PROBLEM STATEMENT
From the entries below, transcribe exactly the lines between the line holding "4x Bar Stools" and the line holding "BOLT Bolt Washi", inclusive; skip all other lines.

Short web captions
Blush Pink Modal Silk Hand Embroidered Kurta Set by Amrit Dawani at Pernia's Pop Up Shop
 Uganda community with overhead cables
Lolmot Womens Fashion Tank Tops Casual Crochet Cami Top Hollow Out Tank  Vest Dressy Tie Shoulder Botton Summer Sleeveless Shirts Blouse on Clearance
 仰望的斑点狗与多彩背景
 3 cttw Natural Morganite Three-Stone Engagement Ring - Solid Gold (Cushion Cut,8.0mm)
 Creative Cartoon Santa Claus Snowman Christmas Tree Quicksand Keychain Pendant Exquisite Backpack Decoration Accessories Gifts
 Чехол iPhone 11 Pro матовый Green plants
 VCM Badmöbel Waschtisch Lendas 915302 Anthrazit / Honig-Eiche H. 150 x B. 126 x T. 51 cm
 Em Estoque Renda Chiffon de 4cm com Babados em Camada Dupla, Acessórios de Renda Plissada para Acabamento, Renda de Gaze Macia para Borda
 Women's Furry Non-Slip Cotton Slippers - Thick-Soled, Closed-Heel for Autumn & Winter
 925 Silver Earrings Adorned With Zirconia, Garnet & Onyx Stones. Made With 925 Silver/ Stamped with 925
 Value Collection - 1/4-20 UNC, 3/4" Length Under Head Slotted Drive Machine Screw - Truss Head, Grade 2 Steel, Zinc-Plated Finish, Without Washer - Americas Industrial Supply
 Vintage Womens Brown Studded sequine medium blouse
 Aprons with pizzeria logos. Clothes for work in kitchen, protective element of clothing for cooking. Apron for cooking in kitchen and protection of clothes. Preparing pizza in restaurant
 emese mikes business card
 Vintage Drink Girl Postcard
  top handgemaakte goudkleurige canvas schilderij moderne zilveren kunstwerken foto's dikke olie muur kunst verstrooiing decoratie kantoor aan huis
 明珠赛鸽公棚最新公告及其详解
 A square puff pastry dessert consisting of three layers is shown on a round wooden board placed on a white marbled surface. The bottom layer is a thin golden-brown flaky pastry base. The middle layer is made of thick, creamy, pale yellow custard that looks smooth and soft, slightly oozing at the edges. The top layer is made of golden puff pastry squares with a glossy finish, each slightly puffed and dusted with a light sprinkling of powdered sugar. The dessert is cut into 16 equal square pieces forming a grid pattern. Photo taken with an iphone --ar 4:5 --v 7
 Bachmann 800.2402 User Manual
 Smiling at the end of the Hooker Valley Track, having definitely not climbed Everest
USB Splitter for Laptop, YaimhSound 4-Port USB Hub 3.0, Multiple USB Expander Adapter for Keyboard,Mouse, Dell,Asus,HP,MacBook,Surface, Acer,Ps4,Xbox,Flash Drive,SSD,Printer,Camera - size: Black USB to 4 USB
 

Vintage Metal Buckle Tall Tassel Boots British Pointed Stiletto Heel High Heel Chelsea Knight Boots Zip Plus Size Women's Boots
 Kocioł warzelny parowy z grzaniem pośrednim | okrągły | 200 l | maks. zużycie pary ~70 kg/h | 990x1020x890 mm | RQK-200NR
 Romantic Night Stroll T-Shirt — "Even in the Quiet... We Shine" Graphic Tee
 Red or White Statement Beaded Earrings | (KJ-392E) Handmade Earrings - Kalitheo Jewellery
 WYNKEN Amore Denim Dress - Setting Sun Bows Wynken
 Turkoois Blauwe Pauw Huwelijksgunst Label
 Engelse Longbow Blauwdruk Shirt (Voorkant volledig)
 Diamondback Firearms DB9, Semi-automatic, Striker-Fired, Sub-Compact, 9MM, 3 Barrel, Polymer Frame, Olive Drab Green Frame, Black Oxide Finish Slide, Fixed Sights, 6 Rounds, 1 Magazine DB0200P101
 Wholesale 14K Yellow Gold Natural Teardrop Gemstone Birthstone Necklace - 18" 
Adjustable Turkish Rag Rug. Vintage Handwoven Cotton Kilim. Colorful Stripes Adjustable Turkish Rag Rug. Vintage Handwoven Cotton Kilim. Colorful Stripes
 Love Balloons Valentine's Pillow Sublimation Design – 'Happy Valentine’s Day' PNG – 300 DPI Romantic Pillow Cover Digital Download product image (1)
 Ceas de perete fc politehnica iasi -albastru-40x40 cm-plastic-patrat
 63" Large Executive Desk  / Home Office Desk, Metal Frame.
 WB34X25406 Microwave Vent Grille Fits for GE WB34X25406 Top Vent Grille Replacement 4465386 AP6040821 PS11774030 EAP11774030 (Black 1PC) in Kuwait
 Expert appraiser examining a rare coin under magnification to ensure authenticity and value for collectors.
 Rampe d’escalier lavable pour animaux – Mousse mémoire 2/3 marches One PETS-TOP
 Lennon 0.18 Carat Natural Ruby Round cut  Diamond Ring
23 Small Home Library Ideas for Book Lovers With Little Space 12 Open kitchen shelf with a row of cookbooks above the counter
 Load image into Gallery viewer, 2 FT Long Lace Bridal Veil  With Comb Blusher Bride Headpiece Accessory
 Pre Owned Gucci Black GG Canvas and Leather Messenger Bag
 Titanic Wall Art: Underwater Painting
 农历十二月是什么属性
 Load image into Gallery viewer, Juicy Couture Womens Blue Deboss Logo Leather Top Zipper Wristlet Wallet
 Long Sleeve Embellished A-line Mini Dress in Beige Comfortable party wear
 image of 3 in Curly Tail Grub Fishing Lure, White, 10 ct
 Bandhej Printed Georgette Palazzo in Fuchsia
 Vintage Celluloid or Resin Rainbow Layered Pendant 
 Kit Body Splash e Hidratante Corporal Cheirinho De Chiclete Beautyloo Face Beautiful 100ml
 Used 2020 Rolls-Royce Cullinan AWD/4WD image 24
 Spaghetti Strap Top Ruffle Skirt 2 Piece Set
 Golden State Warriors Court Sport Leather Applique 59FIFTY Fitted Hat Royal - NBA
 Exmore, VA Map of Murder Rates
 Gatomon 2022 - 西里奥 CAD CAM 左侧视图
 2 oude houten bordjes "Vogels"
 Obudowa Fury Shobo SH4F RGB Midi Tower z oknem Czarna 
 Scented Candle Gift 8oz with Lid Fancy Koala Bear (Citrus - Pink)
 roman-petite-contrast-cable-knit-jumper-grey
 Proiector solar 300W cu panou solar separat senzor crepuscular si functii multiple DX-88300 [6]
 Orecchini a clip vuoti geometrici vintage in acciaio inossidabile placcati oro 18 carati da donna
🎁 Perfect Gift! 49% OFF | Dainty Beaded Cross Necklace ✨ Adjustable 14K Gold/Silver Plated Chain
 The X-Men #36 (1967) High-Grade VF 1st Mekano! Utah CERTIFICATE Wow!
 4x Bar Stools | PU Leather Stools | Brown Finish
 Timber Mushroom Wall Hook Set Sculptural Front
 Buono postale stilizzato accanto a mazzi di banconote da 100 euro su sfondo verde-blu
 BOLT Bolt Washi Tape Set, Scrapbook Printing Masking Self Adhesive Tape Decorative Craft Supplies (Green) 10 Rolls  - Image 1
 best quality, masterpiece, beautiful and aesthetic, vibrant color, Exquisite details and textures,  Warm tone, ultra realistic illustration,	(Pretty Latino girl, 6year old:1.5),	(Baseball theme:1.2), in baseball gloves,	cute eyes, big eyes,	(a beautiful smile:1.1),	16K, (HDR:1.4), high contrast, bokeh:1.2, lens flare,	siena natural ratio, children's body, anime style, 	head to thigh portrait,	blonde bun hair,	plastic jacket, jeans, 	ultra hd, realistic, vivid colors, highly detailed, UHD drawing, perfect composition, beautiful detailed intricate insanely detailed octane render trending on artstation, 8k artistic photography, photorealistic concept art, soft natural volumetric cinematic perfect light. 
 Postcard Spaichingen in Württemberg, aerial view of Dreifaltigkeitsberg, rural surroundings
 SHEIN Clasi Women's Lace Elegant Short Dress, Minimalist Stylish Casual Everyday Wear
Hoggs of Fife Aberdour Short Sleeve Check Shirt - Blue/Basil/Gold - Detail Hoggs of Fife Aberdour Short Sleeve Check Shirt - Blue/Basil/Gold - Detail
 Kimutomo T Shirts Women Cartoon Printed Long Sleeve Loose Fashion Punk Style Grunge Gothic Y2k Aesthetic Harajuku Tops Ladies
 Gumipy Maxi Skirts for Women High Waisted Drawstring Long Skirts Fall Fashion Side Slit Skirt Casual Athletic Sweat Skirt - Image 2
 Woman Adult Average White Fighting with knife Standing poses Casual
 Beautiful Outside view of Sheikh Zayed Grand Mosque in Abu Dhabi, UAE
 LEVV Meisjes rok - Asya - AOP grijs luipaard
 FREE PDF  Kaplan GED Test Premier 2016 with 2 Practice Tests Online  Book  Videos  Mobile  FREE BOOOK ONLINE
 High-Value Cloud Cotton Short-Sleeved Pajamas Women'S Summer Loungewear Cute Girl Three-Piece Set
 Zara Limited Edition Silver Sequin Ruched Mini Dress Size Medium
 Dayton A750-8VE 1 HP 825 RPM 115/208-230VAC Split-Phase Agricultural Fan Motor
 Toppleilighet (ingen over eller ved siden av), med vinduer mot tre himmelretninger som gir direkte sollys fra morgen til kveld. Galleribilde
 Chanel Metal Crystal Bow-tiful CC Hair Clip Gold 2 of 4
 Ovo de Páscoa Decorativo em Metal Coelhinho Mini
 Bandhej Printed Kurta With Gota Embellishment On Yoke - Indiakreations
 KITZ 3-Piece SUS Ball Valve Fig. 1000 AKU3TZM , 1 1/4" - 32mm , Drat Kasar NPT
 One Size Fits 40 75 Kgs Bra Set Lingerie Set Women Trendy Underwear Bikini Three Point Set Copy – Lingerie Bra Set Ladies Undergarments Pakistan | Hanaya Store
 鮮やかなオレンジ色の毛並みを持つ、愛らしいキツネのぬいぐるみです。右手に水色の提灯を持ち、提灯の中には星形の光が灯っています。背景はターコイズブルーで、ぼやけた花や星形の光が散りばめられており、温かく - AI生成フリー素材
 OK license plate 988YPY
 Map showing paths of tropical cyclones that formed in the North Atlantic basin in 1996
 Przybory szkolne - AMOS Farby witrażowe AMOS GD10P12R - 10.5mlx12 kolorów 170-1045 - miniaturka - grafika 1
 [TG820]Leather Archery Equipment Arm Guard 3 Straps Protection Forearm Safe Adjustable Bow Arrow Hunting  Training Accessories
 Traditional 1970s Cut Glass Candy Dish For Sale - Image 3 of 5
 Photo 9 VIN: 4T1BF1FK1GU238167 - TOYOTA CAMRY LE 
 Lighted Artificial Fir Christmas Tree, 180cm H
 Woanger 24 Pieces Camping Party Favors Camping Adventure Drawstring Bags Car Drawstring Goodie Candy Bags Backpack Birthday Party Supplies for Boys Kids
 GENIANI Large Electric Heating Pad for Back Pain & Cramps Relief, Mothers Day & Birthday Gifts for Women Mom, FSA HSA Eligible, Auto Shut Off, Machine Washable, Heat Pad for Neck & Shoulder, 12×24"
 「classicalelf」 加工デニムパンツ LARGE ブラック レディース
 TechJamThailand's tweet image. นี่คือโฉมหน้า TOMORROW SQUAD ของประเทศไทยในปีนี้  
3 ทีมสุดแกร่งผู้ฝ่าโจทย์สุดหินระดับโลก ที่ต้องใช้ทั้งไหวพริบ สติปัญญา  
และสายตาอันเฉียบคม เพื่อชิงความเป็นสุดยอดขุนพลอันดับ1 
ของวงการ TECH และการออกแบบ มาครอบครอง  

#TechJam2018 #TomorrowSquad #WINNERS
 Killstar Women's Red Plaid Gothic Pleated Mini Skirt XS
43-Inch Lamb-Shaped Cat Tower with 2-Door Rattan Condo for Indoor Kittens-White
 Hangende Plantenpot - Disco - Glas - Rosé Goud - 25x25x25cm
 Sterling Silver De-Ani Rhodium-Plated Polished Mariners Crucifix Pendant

SOLUTION FOR THIS PROBLEM
 4x Bar Stools | PU Leather Stools | Brown Finish
 Timber Mushroom Wall Hook Set Sculptural Front
 Buono postale stilizzato accanto a mazzi di banconote da 100 euro su sfondo verde-blu
 BOLT Bolt Washi Tape Set, Scrapbook Printing Masking Self Adhesive Tape Decorative Craft Supplies (Green) 10 Rolls  - Image 1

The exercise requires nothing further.